O que favorece o predomínio do Judiciário? Basicamente, quatro fatores que abordo aqui de passagem. O primeiro deles é a incapacidade de o mundo político esboçar uma reação conjunta e coerente frente aos eventos derivados da Operação Lava Jato. Na Itália e na Espanha, que viveram escândalos políticos semelhantes, conseguiu-se esboçar reações. Tal inércia, no caso brasileiro, decorre tanto do comprometimento do mundo político com práticas questionáveis ética e judicialmente quanto pela qualidade de nossas lideranças, incapazes de justificar o injustificável ou de se opor à marcha dos acontecimentos.

O segundo fator resulta da crescente fragmentação do Congresso Nacional e de sua consequente incapacidade de decidir questões complexas. Existem simulacros de partidos e privilégios demais para microlegendas e partidos de aluguel. Tudo debaixo de uma imensa complacência do mundo político. Por consequência, o Judiciário tem sido chamado a decidir questões do âmbito político em um fenômeno conhecido como judicialização da política.

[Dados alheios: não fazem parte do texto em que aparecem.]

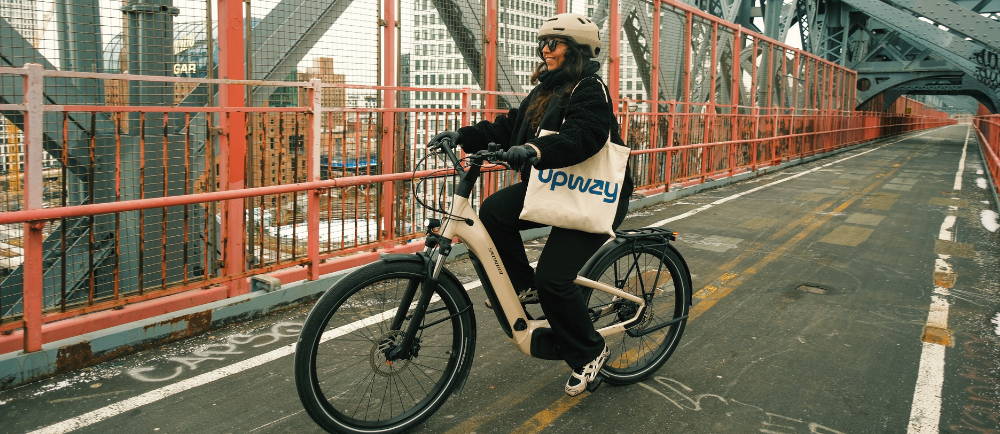 a woman riding a step-through e-Bike in the city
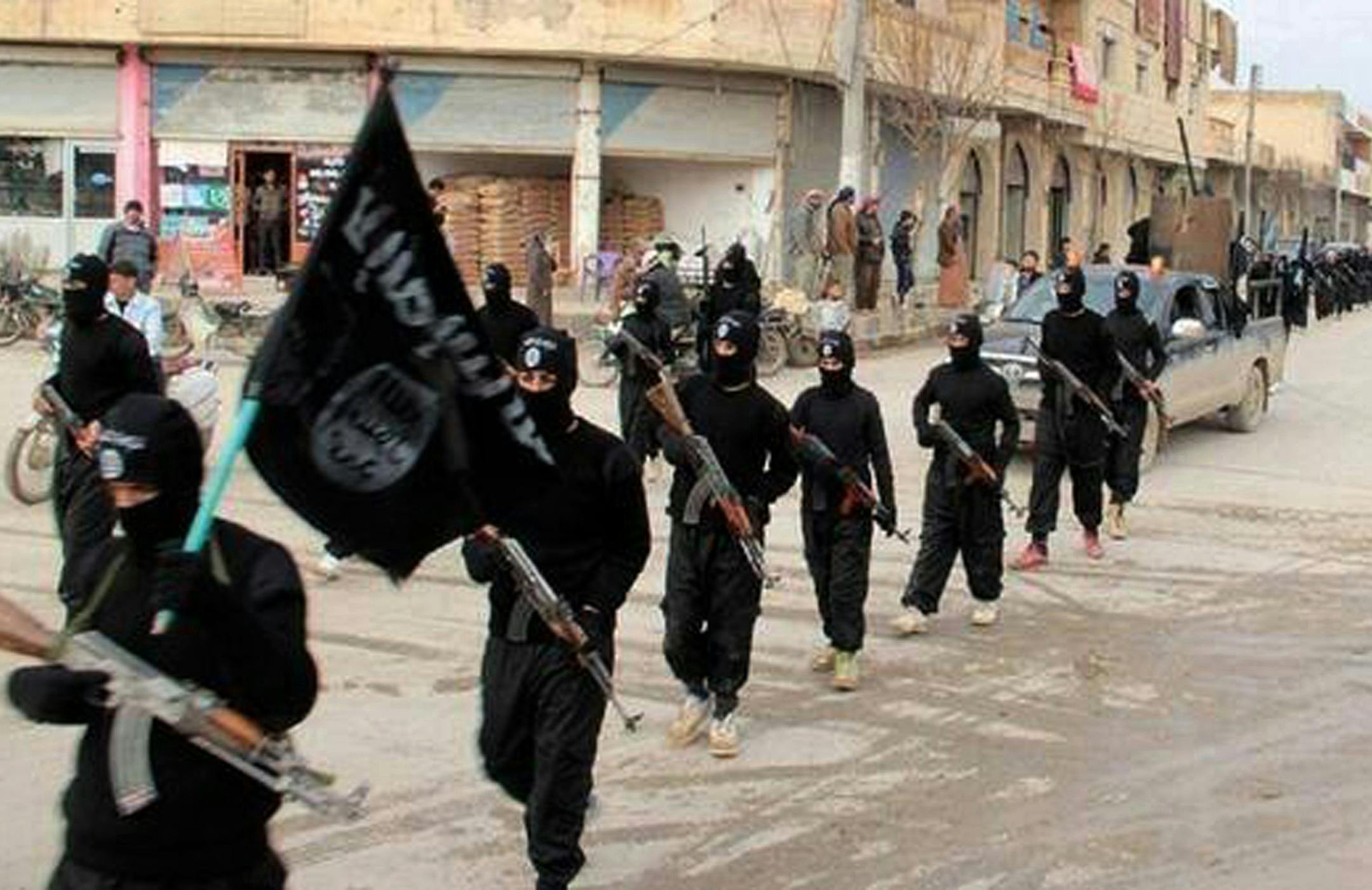 FILE - This undated file image posted on a militant website on Tuesday, Jan. 14, 2014, which has been verified and is consistent with other AP reporting, shows fighters from the al-Qaida linked Islamic State of Iraq and the Levant (ISIL) marching in Raqqa, Syria. Across the broad swath of territory it controls from northern Syria through northern and western Iraq, the extremist group known as the Islamic State has proven to be highly organized governors. (AP Photo/Militant Website, File) ORG XMI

Como disse o ministro Luís Roberto Barroso, também do Supremo, “a judicialização é fato”. Curiosamente provocada pelo mundo político e estimulada pelo excessivo detalhamento de nossa Constituição.

O terceiro fato relaciona-se com essa judicialização da política, que tem levado a um ativismo crescente por parte de juízes e promotores, que testam ao máximo os limites da lei e acabam “legislando”, preenchendo lacunas do sistema legal. O Supremo Tribunal Federal terminou por decidir, por exemplo, sobre a questão da fidelidade partidária e do financiamento de campanha na reforma política, sobre a união homoafetiva, o aborto, entre outros tantos temas cuja legislação era insuficiente ou inexistente. Outro efeito do ativismo é a explosão de decisões monocráticas em ações de controle concentrado na Suprema Corte. Foram 191 decisões em 2010. Esse ano elas chegam a 334.

O quarto fator reside na tendência inexorável de punição aos políticos envolvidos nas investigações da Lava Jato. No curto prazo, um número relevante de políticos com mandatos poderá ser impedido de concorrer às eleições em 2018. Assim, o que se apresenta é um quadro nebuloso: teremos uma devastação nas cúpulas partidárias ou apenas a derrocada seletiva de uns e outros? Não há como fugir de um cenário de perdas. O futuro do atual mundo político está nas mãos de Têmis,
a deusa da Justiça. Que ela não tarde nem tampouco falhe.